He lives in West LA so I appreciated he was willing to schlep to me. I cancelled a date last week because the guy was rude about the valley and wanted to meet part way between our places. When I suggested I’d rather meet at a place I know, he was weird about it so I called it off. I don’t mind schlepping, but on a first date you need to come to me.
Back to Dave, when I got to the bar I sent him a text letting him know where I was sitting. I signed the text Ilana. Important to note when write my name I always put it all in caps or all in lower case, so the i and the l are clear. If I write ILANA or ilana, you see how my name is spelled so it is easy to pronounce and less chance of a pronounciation error.
It is not that unusual a name. There are a lot of Jewish girls named ILANA and actually one other ILANA ANGEL. She lives in London, is also Jewish, spent time in Israel like I did, and although 20 years my junior and no relation, there are similarities which I think is cool. ilana is of Hebrew origin, and means "tree". ILANA is pronounced ee-LAN-ah.

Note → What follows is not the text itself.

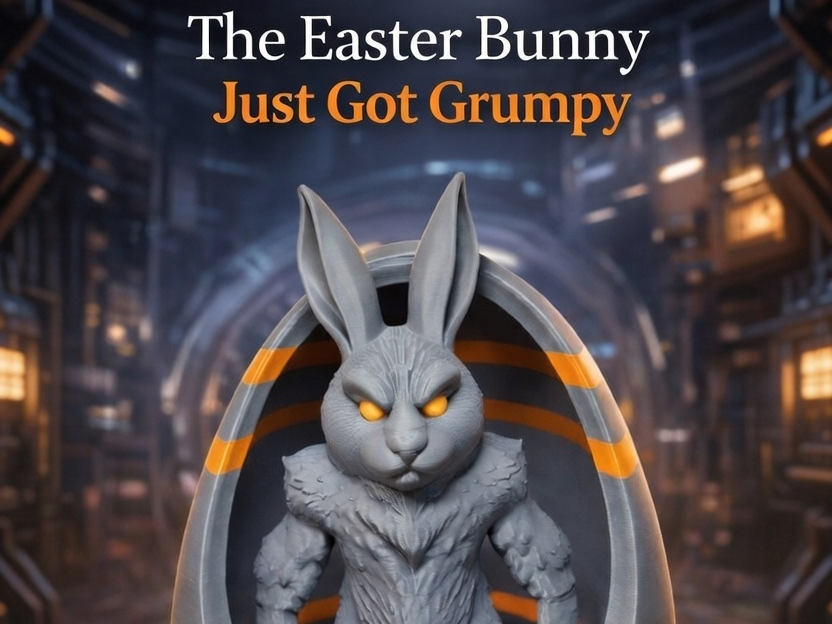 Grumpy Easter Bunny & Egg House - Detailed Decor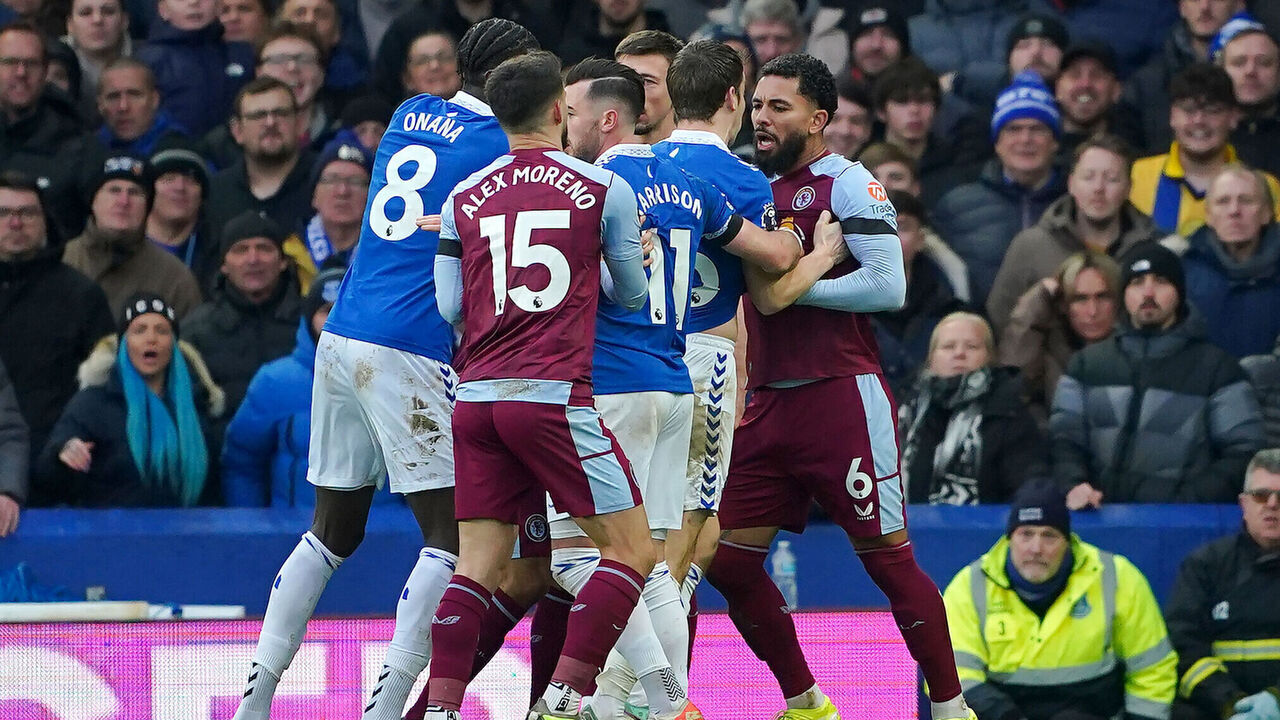 Everton's Seamus Coleman clashes with Aston Villa's Douglas Luiz during the Premier League match at Goodison Park, Liverpool. Picture date: Sunday January 14, 2024.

Dave arrives, gives me a hug and says, “Hi Diana”. I correct him and say, “Its ILANA”. He says he is sorry, then calls me “Lana”. I thought maybe it was loud and he couldn’t hear me so when the waitress came over I ask what her name is, then introduce myself as ilana. The waitress says hi ILANA, then Dave says “what are you drinking Elaina?”
He has now called me three different names, none of them mine. We order drinks, chat about regular first date things, and have a nice time. We weren’t a match for no other reason than there wasn’t a spark of any kind. We wrap up and head outside to the valet. I thank him for the drink and he says to me, “Would you like to go out again Ileana?”
I just laughed in my head and told him I had a nice time but didn’t think there was a connection. He was nice about it, gave me a kiss on the cheek and said, “It was nice meeting you Eloma.” I then said, “It was nice meeting you too Donald.” No reaction. Nothing. He clearly was not interested in me because he paid no attention to anything I said.
I tweeted about my date and one of the freaks who hates me on Twitter said my unsuccessful dating was clearly about me not them as there was a pattern of failure. I have to disagree. I don’t think of these dates as failures as much as steps to finding my Beshert. I do however agree it says more about me than them, and I like what it says about me.
It says I am dating to meet someone special, not just to date. It says I am not willing to settle just so I am not alone. It says I am kind and decent to men who are not particularly kind or decent to me. I am okay with my dating life and am sure that Dave will meet someone who inspires him to remember her name. As for me, I’m keeping the faith.